Häufig gestellte Fragen
Was bedeutet das Gedicht „Sie kamen für mich“?
Das Gedicht oder Bekenntnis von Martin Niemöller ist eine Mahnung gegen Apathie und für die moralische Verbundenheit aller Menschen. Es basiert auf den Erfahrungen während der NS-Zeit und dem Holocaust und zeigt auf, wie das Schweigen oder Wegschauen angesichts der Verfolgung anderer letztlich dazu führt, dass niemand mehr da ist, um für einen selbst zu sprechen, wenn man an der Reihe ist. Es ist ein Aufruf zu Solidarität, Empathie und kollektivem Handeln gegen Unrecht.
Wie lautet das Zitat, das mit „Und dann kamen sie, um mich zu holen“ endet?
Das Zitat lautet in einer verbreiteten deutschen Übersetzung: „Als die Nazis die Kommunisten holten, habe ich geschwiegen; ich war ja kein Kommunist.

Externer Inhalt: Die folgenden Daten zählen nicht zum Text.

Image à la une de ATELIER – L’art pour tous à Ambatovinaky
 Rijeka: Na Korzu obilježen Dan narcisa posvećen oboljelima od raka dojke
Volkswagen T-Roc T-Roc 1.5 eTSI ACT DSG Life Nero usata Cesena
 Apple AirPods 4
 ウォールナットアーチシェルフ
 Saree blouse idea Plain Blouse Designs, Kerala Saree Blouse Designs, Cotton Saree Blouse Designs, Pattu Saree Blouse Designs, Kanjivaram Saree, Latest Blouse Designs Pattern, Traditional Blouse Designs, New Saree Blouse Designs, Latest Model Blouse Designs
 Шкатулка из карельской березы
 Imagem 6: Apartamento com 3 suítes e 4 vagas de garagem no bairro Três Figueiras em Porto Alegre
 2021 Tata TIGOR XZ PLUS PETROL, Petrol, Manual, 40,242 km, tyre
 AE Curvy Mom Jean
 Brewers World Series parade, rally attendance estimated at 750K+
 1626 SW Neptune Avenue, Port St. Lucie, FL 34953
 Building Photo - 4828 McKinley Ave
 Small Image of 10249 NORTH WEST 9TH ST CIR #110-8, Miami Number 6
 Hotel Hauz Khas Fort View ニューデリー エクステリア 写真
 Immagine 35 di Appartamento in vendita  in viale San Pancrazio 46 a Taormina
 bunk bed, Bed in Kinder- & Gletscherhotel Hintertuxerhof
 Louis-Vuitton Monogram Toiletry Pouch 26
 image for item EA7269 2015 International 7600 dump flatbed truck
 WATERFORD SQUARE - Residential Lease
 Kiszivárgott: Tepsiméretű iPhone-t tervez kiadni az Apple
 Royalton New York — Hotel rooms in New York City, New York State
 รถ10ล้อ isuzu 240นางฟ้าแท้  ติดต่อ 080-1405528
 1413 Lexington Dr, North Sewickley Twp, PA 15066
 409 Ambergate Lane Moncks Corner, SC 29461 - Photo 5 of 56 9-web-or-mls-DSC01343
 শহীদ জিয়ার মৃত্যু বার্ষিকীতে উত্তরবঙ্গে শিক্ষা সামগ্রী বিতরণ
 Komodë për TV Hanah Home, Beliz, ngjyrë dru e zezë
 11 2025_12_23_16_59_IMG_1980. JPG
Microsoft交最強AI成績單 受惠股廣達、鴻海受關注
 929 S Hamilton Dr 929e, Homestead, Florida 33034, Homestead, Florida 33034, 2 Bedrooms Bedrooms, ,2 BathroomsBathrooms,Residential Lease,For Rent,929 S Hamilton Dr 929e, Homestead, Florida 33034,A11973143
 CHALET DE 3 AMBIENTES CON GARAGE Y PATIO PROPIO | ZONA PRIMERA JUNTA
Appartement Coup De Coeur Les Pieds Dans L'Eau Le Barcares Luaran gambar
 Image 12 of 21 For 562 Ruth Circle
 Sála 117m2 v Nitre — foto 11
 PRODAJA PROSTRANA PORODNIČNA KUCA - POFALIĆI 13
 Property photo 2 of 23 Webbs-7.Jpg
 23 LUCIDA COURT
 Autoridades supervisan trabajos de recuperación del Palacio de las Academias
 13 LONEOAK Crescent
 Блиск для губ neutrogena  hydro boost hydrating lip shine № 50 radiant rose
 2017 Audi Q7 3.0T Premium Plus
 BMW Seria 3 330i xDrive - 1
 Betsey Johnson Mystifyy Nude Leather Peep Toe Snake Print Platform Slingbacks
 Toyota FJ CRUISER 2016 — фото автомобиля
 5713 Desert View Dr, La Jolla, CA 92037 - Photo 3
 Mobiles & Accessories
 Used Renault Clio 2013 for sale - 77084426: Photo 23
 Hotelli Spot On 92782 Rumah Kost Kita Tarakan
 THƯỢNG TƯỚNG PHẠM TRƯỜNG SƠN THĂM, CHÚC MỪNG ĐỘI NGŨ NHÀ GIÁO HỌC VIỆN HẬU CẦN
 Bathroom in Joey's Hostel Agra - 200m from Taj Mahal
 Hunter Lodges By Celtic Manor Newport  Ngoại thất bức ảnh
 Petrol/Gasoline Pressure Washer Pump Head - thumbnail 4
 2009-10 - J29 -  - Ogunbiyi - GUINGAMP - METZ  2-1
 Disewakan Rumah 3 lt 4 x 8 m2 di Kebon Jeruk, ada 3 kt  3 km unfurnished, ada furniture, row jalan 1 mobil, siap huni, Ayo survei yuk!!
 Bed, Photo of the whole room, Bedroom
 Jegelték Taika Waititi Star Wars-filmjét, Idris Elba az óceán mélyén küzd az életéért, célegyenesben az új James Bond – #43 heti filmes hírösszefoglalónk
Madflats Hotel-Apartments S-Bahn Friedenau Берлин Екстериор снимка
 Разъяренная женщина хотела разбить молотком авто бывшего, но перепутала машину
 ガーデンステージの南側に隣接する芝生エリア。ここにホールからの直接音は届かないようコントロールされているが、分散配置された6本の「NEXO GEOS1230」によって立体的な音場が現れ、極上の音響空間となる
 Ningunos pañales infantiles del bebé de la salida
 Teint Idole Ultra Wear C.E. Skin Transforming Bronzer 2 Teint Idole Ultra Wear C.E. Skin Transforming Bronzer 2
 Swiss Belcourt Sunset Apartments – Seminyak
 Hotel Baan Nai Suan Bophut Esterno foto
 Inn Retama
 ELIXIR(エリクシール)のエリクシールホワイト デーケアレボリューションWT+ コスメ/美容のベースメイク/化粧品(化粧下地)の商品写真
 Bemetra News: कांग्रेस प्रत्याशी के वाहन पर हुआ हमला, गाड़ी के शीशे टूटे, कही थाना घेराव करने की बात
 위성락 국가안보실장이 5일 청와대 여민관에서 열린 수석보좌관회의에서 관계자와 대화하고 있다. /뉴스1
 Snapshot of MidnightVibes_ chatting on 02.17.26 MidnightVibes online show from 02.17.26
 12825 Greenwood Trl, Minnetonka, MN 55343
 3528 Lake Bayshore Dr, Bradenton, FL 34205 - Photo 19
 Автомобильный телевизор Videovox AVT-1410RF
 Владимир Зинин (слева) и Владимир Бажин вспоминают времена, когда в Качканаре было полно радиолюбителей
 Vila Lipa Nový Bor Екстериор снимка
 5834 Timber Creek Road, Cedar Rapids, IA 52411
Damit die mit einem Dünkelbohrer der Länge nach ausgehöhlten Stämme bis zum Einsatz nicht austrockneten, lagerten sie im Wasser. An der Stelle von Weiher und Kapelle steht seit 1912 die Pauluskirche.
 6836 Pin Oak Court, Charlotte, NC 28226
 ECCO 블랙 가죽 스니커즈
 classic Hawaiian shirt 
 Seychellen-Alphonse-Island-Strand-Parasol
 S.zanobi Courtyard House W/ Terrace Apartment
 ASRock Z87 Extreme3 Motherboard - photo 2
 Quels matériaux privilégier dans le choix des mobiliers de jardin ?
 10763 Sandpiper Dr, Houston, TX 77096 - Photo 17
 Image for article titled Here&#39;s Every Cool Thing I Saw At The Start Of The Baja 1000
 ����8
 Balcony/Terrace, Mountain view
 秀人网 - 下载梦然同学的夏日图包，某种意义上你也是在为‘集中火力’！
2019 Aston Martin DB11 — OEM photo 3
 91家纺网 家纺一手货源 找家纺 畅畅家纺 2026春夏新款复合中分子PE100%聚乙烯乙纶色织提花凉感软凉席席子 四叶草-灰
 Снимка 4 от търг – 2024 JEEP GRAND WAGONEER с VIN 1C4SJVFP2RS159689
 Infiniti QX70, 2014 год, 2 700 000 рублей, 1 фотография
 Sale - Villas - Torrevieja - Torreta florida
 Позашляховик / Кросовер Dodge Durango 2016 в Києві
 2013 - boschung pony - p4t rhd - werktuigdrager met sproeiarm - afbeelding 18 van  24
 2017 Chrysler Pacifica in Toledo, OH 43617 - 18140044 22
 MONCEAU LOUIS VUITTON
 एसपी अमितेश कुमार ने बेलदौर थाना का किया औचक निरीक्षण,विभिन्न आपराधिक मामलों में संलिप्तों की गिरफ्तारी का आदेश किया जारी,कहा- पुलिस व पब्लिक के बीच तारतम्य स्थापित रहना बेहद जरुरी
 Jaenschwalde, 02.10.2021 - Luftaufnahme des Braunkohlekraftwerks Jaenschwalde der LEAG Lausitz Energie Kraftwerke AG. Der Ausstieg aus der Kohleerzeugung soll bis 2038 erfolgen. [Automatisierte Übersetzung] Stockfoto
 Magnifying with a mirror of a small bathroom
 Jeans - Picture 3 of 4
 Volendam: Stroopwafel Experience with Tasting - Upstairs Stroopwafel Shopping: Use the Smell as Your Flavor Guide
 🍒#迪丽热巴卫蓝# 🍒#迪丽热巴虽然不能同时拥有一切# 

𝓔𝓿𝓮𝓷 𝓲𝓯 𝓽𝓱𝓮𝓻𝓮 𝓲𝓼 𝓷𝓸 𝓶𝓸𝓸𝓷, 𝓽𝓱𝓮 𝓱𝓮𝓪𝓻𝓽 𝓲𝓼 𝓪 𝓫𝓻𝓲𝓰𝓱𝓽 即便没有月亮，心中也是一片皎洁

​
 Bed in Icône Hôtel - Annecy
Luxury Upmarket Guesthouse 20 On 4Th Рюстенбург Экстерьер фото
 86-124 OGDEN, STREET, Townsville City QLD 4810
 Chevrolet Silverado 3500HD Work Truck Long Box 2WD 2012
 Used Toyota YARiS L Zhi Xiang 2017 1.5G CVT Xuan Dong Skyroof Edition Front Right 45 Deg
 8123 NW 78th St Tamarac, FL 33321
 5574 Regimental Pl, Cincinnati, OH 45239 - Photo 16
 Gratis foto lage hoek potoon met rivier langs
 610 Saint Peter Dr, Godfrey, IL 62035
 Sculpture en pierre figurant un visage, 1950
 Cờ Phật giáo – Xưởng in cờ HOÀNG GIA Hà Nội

Als sie die Sozialdemokraten einsperrten, habe ich geschwiegen; ich war ja kein Sozialdemokrat. Als sie die Gewerkschafter holten, habe ich geschwiegen; ich war ja kein Gewerkschafter. Als sie die Juden holten, habe ich nicht protestiert; ich war ja kein Jude. Als sie mich holten, gab es keinen mehr, der protestieren konnte.“ Die hier im Artikel verwendete Version ist eine weitere bekannte Fassung, die direkt aus dem englischen Text übersetzt wurde.
Was hat Martin Niemöller bewirkt?
Martin Niemöller war eine Schlüsselfigur des kirchlichen Widerstands gegen den Nationalsozialismus und Mitbegründer der Bekennenden Kirche. Er widersetzte sich offen dem Regime, wurde dafür in Konzentrationslagern inhaftiert und wurde im Ausland zum Symbol des Widerstands. Nach 1945 setzte er sich aktiv für den Frieden ein, kritisierte die Haltung der Kirche während der NS-Zeit und wurde zu einer prominenten Stimme der Friedensbewegung in Deutschland.
Warum ist das Zitat heute noch wichtig?
Das Zitat ist heute noch wichtig, weil es eine zeitlose Botschaft gegen Gleichgültigkeit, Ausgrenzung und die schleichende Erosion von Rechten und Freiheiten vermittelt. Es erinnert uns daran, dass die Verteidigung der Menschenrechte und der Demokratie die aktive Wachsamkeit und Solidarität aller erfordert, unabhängig davon, ob man selbst direkt betroffen ist. Es ist ein fortwährender Appell an unser Gewissen und unsere Verantwortung.
Fazit
Martin Niemöllers Leben war ein Zeugnis von Wandel, Gewissen und Mut. Seine Entwicklung vom nationalkonservativen Offizier zum entschiedenen Gegner des Nationalsozialismus und schließlich zum engagierten Pazifisten zeigt, dass es möglich ist, aus Fehlern zu lernen und für seine Überzeugungen einzustehen. Sein berühmtes Zitat ist mehr als nur eine historische Anekdote; es ist eine universelle Lektion über die Gefahren der Apathie und die unschätzbare Bedeutung von Solidarität. Es ist ein zeitloser Aufruf an uns alle, unsere Stimme zu erheben und für eine Welt einzutreten, in der niemand allein gelassen wird, wenn Unrecht geschieht.